Remember Dewey’s image of the mountain which is not on top of, nor separated from, but instead is the earth in one of its manifestations, and that restoring continuity is more important than ratifying that separation with aesthetic theory. Still, any account of the nature of art will naturally focus on, and be primarily tested by, the artistic masterpieces which provoke our interest in the first place. Just as we have no reason to deny the qualitative differences between crafts and art proper, though, but instead accommodate them with the concept of para-art, we can do much the same thing when dealing with the very real difference between artistic masterpieces and works of art which are (merely) successful. Here the latter is an intermediate case between the former and works which are more clearly inferior, and indeed those too bad (like my own hypothetical paintings) to be art at all, even if they are, unlike crafts, the right sort of thing.

Let’s call these intermediate-level works, which after all constitute the majority of what we consider successful art, “three-star works” (out of four). The paradox of three-star works is that, as I will argue, they are the backbone of the form, on which four-star works depend; but four-star works are in some way “better,” and quite naturally seem to be the place to look to understand the lesser works, which don’t do as well what they themselves do better. In explicitly Platonic terms (ironically enough, since Plato himself banished art to the realm of mere appearance), four-star works seem better to instantiate the ideal than do their lesser siblings.

But is that really the right way to look at it? In my view, just as we must understand the earth if we are to see what mountains are, we must not ignore — indeed, I think we must focus on — the mainstream of successful art in order to understand masterpieces, not the other way around. Without three-star works, there can be no four-star works. What the former do, the latter either do in a new or markedly better way, or pointedly avoid doing, in order to do something provocatively new by comparison. In either case, the former must stand by themselves: it’s not that they try to do what masterpieces do, but fail. Remember, we’re not talking about my own paintings, but instead successful artworks which simply lack whatever it is that prevents them from being helpfully considered masterpieces. That is, they might not fail at all; and we must be particularly careful, while we try to understand what they don’t do, not to miss what they do.

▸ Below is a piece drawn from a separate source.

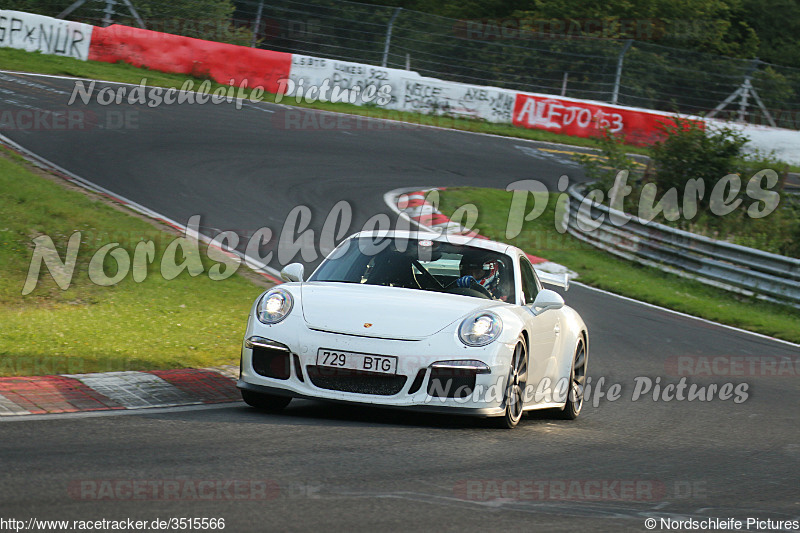 Bild #3515566 - Touristenfahrten Nürburgring Nordschleife 28.08.2017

The intermediate category seems almost to be the more interesting one in any case. While some three-star works may lack apparent flaws, settling for the solidly meritorious, others would be masterpieces themselves without that extra something that doesn’t quite fit. Maybe even that very uneven nature is what gives the flawed masterpiece the sort of interest that it has, or made possible what would otherwise (say, for that non-genius artist) be out of reach. Possibly a flawed but ambitious work opens up exciting new vistas which the more carefully flawless masterpiece, minding its own exquisite garden to perfection, does not. The differences, that is, between four and three can be just as much qualitative as quantitative. As befitting intermediate cases, there will also be comparable differences at the other end, where competence shades into intermittent and finally outright failure (my own paintings again), where even the very lack of aesthetic value can be surprisingly instructive.

It may also be instructive, putting our two dimensions together, to put the masterpieces to one side and compare the less distractingly idiosyncratic three-star works of art with para-art of the various levels of quality. If we had been tempted to undervalue para-art in the context of deciding What Art Is, a comparison in which the para-artist comes out equal or better may allow that distracting issue, again, to slide into the background. As always, context will decide.

That’s all for now; maybe later we can take this method out for a test drive. Happy Memorial Day!